If you hear a cool piece and go like "Wow, how did they do that?" you can jump right in and examine what samples are used and what effects are applied.
It's like an open-source music format where you can do a "view source" to see exactly how it's done and fiddle with it, much as you can do with any website or web application.

Just like much of my early javascript and css knowledge was build by inspecting the source of other applications, much of my early musical knowledge was build inspecting mod files on the Amiga.

The golden age of the Amiga is long gone, but the tracker format lives on. There have been countless spin-offs and remakes.
Even in modern audio software like Renoise, Radium and Sunvox the tracker spirit is present.
And of course there's openMPT: It doesn't have a cool and snazzy interface but it's the most compatible and complete true tracker around.
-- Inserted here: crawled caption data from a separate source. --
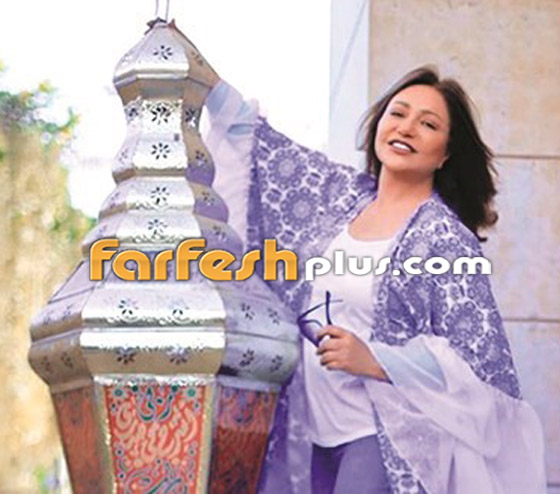 بالصور: فانوس رمضان في حياة نجوم الفن.. صورة رقم 3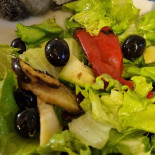 Pizzeria Sottovento food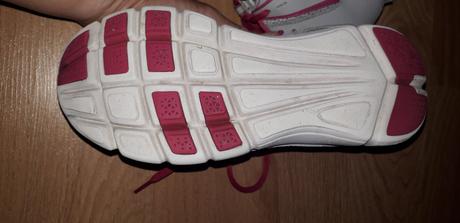 Dívčí tenisky under armour, under armour,36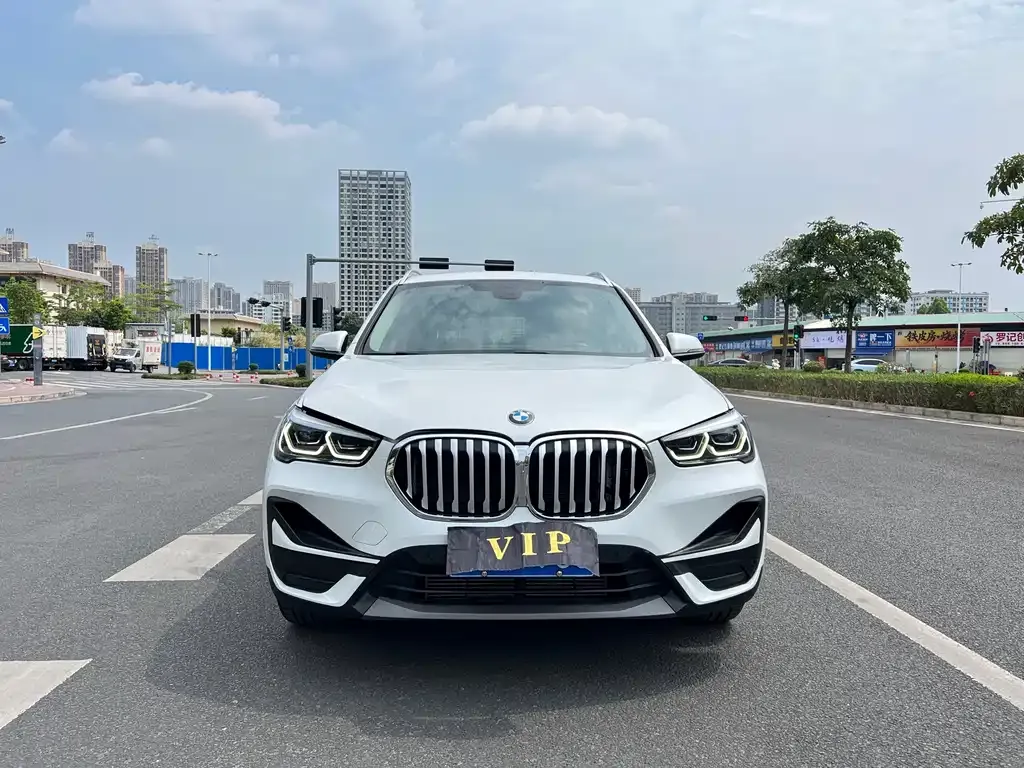 BMW X1 2023 из CN, фото 4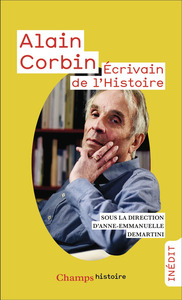 Picture of Alain Corbin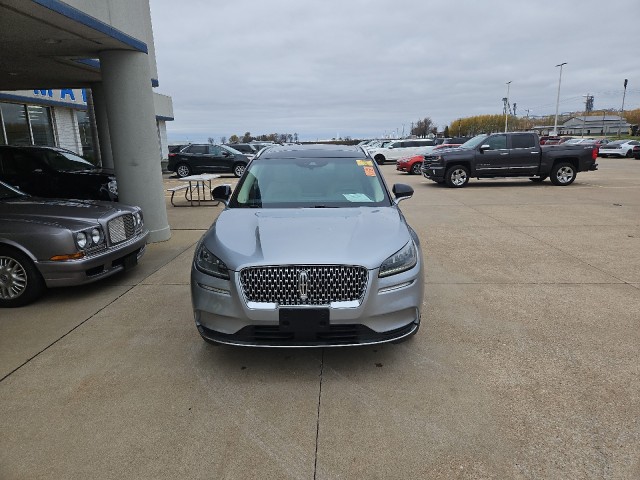 Used 2021 Lincoln Corsair Base with VIN 5LMCJ1D9XMUL20703 for sale in Eureka, IL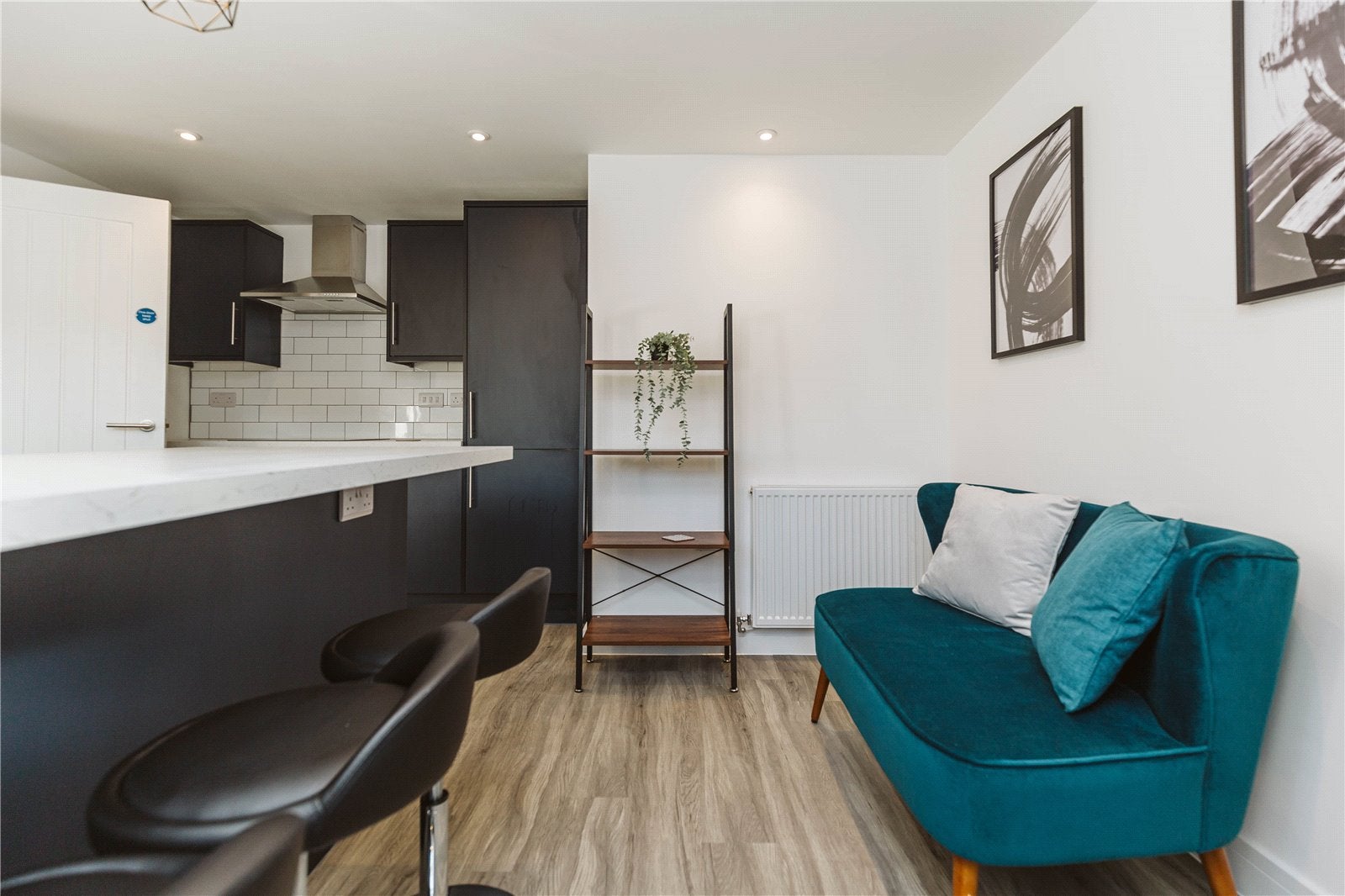 Flat Conygre Grove in Bristol
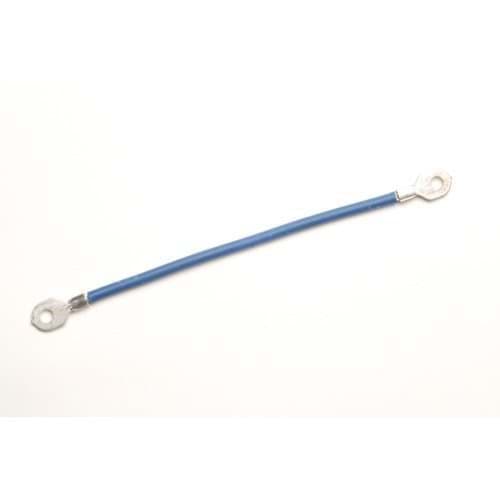 Picture of Wire assy, 6AWG, blue, 261mm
Remember: these are not just mp3 files you hear, the music is reproduced using samples that are played and manipulated in sequence in real-time.
This is why mod files in general are quite small, making them perfect for (early) games and other projects where file size is important.
Even the super popular Unity game platform still has support for tracker formats

Playing mod files in a browser is nothing new, but still I wanted to create my own tracker for the following reasons:

  • I wanted to research Web-Audio, especially real time audio manipulation.
  • I wanted a real tracker where you can open, edit and save mod files, not just a player.
  • It should perform well on mobile browsers.
    Most mod players don't work that well on mobile browsers.
    They tend to implement a very low level way of handling audio, doing the resampling and mixing all in the javascript layer, maybe because the code is ported or recompiled from other platforms.
    I took a high-level Web-Audio approach which makes it perform really well on mobile browsers. Even if the UI slows down, the music should never stutter.
  • I wanted to build a SCALABLE cool retro user interface.
    Most old-school trackers have a fixed size user interface.
    I wanted a pixel-retro interface that scales with the screen.
    You could call it "responsive design" but then for HTML canvas :-)
    That's a pretty cool feature even if I say so myself!
  • I wanted to have a decent music playback engine to be able to build upon: a drum-sequencer? a midi-player? real-time online collaboration? all rather straightforward once the main playback engine is in place.

Anyway - here are some examples!



Even more?
The ModArchive hosts thousands of tracker songs and they have an API so you can directly access them from within Bassoon Tracker.

The source files are available on GitHub.


Have fun, and if you think of any cool feature you're missing: let me know!